We need to start by loading the dataset.
>>> # Import required libraries
>>> import pandas as pd
>>> import numpy as np
>>> import datetime as dt
>>> from sklearn.datasets import fetch_california_housing
>>> from sklearn.ensemble import RandomForestClassifier
>>> from sklearn.metrics import roc_auc_score
>>> cali = fetch_california_housing(as_frame=True)

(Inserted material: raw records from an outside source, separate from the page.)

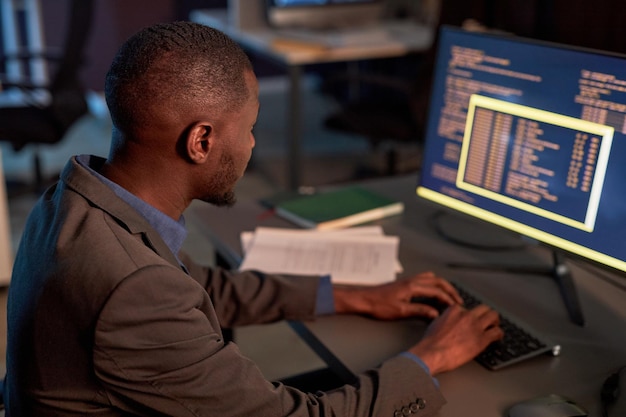 it developer wearing suit and using computer while working in office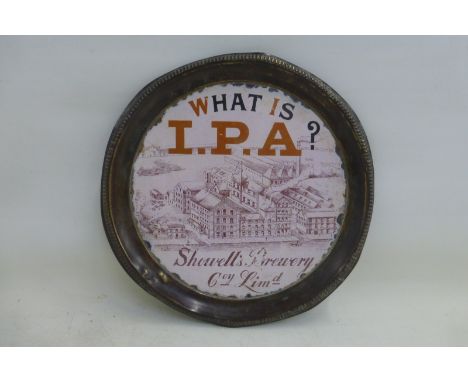 A rare I.P.A. Showell's Brewery Company Limited pictorial enamel tray with brass border, depicting the factory, titled 'What 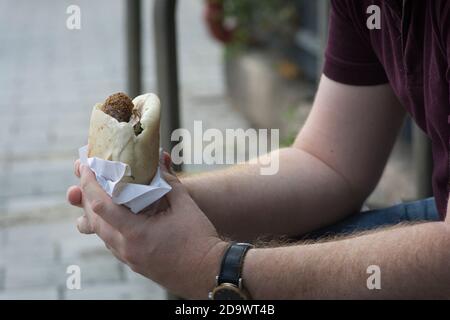 Mann hält ein Pita-Brot mit Falafel, einem typischen mittelöstlichen Essen, frittierte Kugeln aus gemahlenen Kichererbsen. Tel Aviv, Israel Stockfoto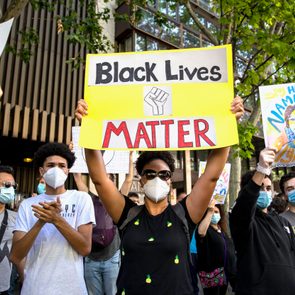 Protesters hold signs reading 
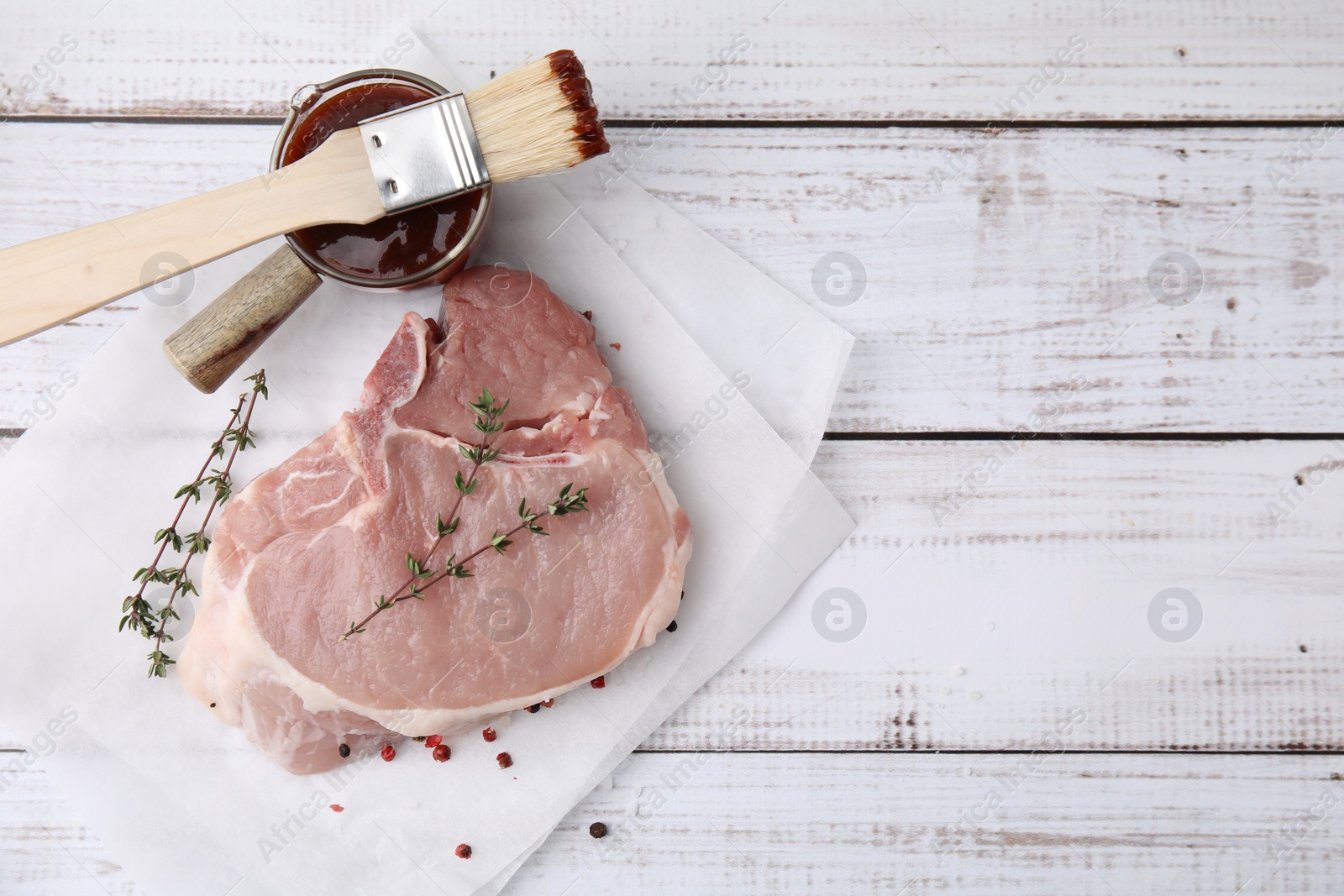 Photo of Raw meat, thyme and marinade on rustic wooden table, flat lay. Space for text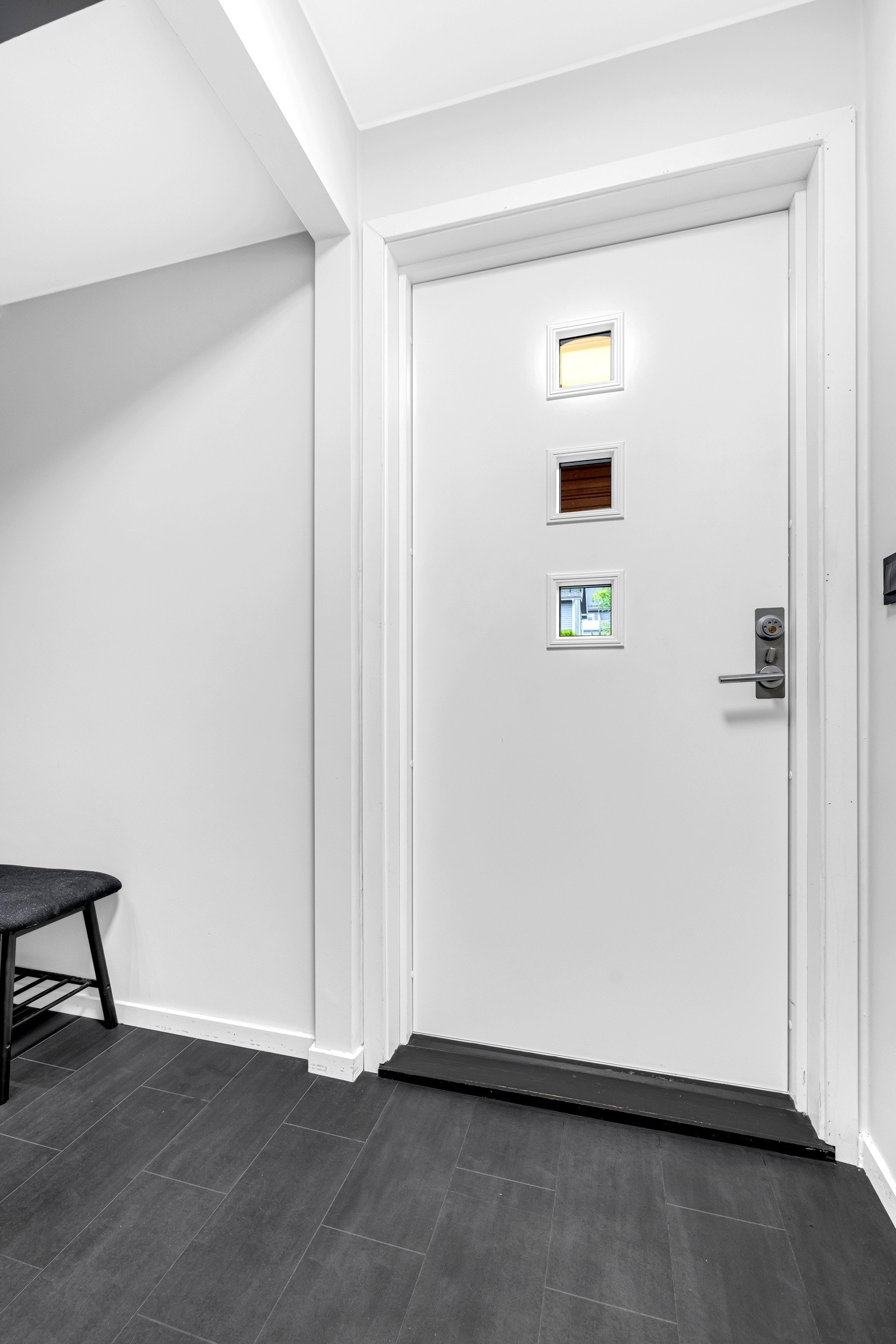 Vel inne ønskes man velkommen av en innbydende entré med gråmalte vegger og mørkt, flismønstret gulvbelegg Galleribilde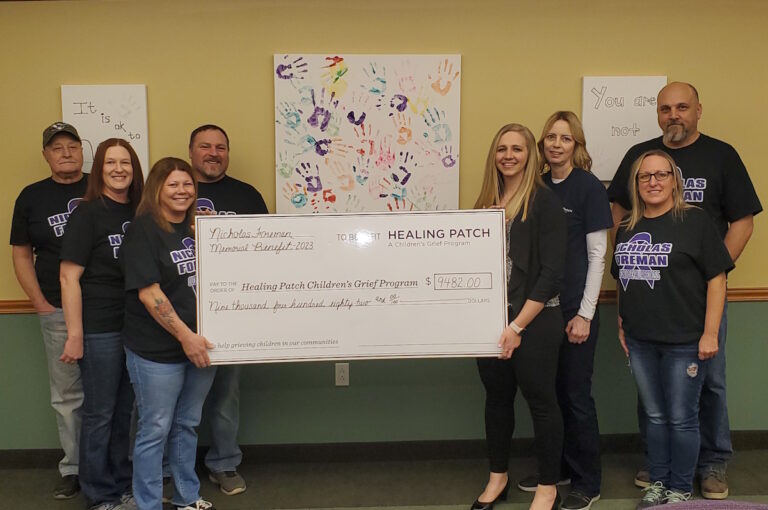 presenting the jumbo check from the nicholas foreman memorial benefit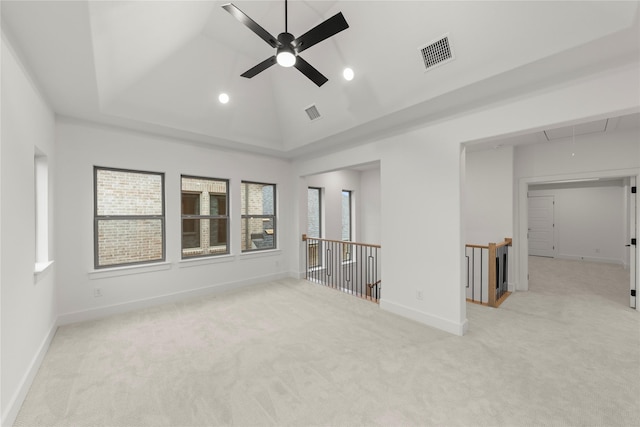 carpeted empty room featuring plenty of natural light, high vaulted ceiling, and ceiling fan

>>> df = pd.concat([cali.data, cali.target], axis=1)
>>> df.head(2)
MedInc |
HouseAge |
AveRooms |
AveBedrms |
Population |
AveOccup |
Latitude |
Longitude |
MedHouseVal |
|
---|---|---|---|---|---|---|---|---|---|
0 |
8.3252 |
41 |
6.98413 |
1.02381 |
322 |
2.55556 |
37.88 |
-122.23 |
4.526 |
1 |
8.3014 |
21 |
6.23814 |
0.97188 |
2401 |
2.10984 |
37.86 |
-122.22 |
3.585 |
Enriching the data
The things that need to be added to the dataset are:
A time dimension
Splitting the data into reference and analysis sets
A binary classification target
>>> # add artificial timestamp
>>> timestamps = [dt.datetime(2020,1,1) + dt.timedelta(hours=x/2) for x in df.index]

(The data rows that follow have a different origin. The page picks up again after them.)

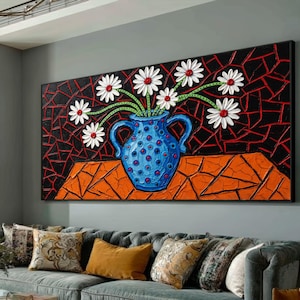 Op de afbeelding: Een rechthoekig wandkunstwerk met een gestructureerde blauwe vaas met rode stippen, gevuld met witte madeliefjes met rode harten. De achtergrond bestaat uit een zwart-rood geometrisch mozaïekpatroon op een gestructureerd oranje oppervlak.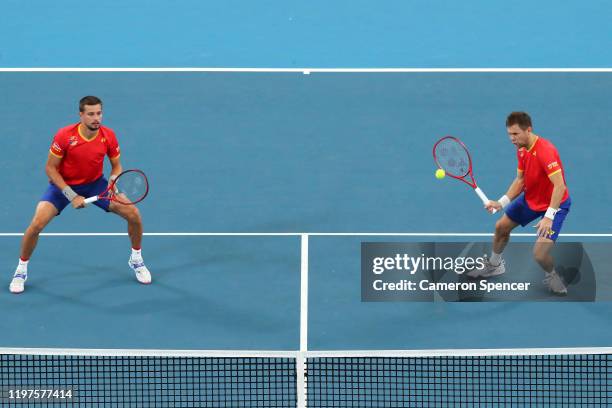 Radu Albot and Alexander Cozbinov of Moldova play a shot during their Group C doubles match against Grigor Dimitrov and Alexander Lazarov of Bulgaria...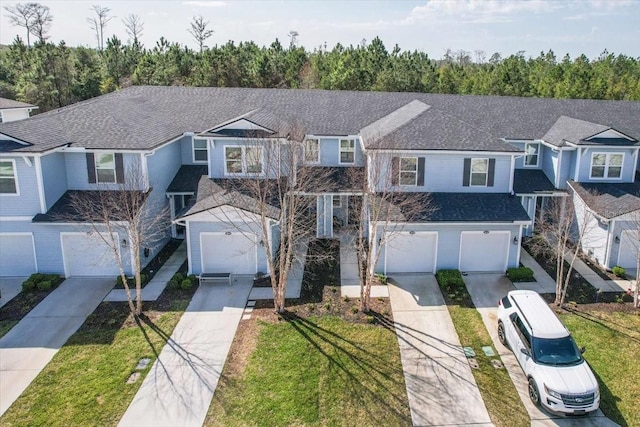 traditional home featuring a garage, a front yard, driveway, and a shingled roof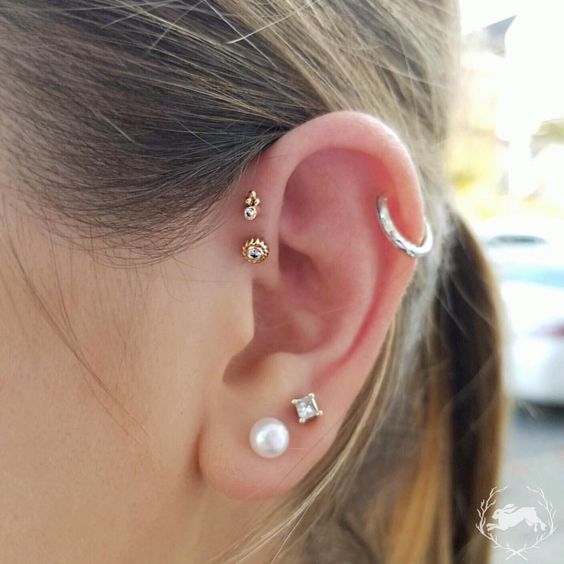 creative and eclectic ear styling with a double lobe piercing with a rhinestone and a pearl stud, a hoop in the helix, a double forward helix piercing with gold studs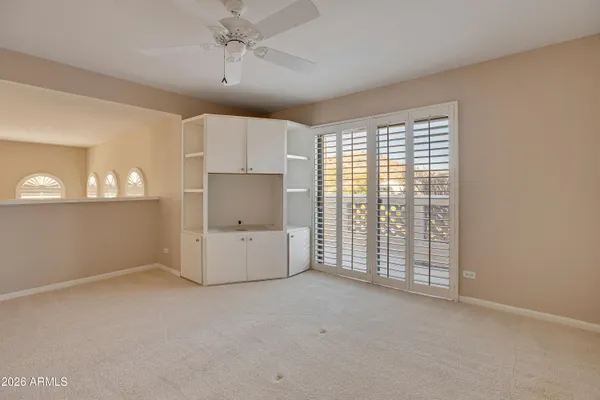 en empty room with windows and ceiling fan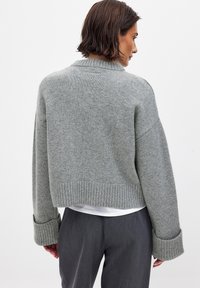 Afskåret grå trøje lavet af blødt strikstof, med ribbet kant og oversize manchetter. Enkel design med minimale detaljer.
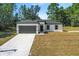 Newly constructed home with gray garage door and driveway at 16921 Sw 25Th Ct, Ocala, FL 34473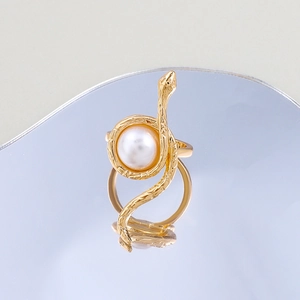 Detailed view of golden snake ring featuring scale texture and a white pearl inlay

>>> df['timestamp'] = timestamps
>>> # add periods/partitions
>>> train_beg = dt.datetime(2020,1,1)
>>> train_end = dt.datetime(2020,5,1)
>>> test_beg = dt.datetime(2020,5,1)
>>> test_end = dt.datetime(2020,9,1)
>>> df.loc[df['timestamp'].between(train_beg, train_end, inclusive='left'), 'partition'] = 'train'
>>> df.loc[df['timestamp'].between(test_beg, test_end, inclusive='left'), 'partition'] = 'test'
>>> df['partition'] = df['partition'].fillna('production')
>>> # create new classification target - house value higher than mean
>>> df_train = df[df['partition']=='train']
>>> df['clf_target'] = np.where(df['MedHouseVal'] > df_train['MedHouseVal'].median(), 1, 0)
>>> df = df.drop('MedHouseVal', axis=1)
>>> del df_train
Training a Machine Learning Model
>>> # fit classifier
>>> target = 'clf_target'
>>> meta = 'partition'
>>> features = ['MedInc', 'HouseAge', 'AveRooms', 'AveBedrms', 'Population', 'AveOccup', 'Latitude', 'Longitude']
>>> df_train = df[df['partition']=='train']
>>> clf = RandomForestClassifier(random_state=42)
>>> clf.fit(df_train[features], df_train[target])
>>> df['y_pred_proba'] = clf.predict_proba(df[features])[:,1]
>>> df['y_pred'] = df['y_pred_proba'].map(lambda p: int(p >= 0.8))
>>> # Check roc auc score
>>> for partition_name, partition_data in df.groupby('partition', sort=False):
... print(partition_name, roc_auc_score(partition_data[target], partition_data['y_pred_proba']))
train 1.0
test 0.8737681614409617
production 0.8224322932364313
Meeting NannyML Data Requirements
The data are now being split to satisfy NannyML format requirements.
>>> df_for_nanny = df[df['partition']!='train'].reset_index(drop=True)
>>> df_for_nanny['partition'] = df_for_nanny['partition'].map({'test':'reference', 'production':'analysis'})
>>> reference_df = df_for_nanny[df_for_nanny['partition']=='reference'].copy()
>>> analysis_df = df_for_nanny[df_for_nanny['partition']=='analysis'].copy()
>>> analysis_targets_df = analysis_df[['clf_target']].copy()
>>> analysis_df = analysis_df.drop('clf_target', axis=1)
>>> # dropping partition column that is now removed from requirements.
>>> reference_df.drop('partition', axis=1, inplace=True)
>>> analysis_df.drop('partition', axis=1, inplace=True)
The reference_df
dataframe represents the reference Data Period and the analysis_df
dataframe represents the analysis period. The analysis_targets_df
dataframe contains the targets
for the analysis period, which is provided separately.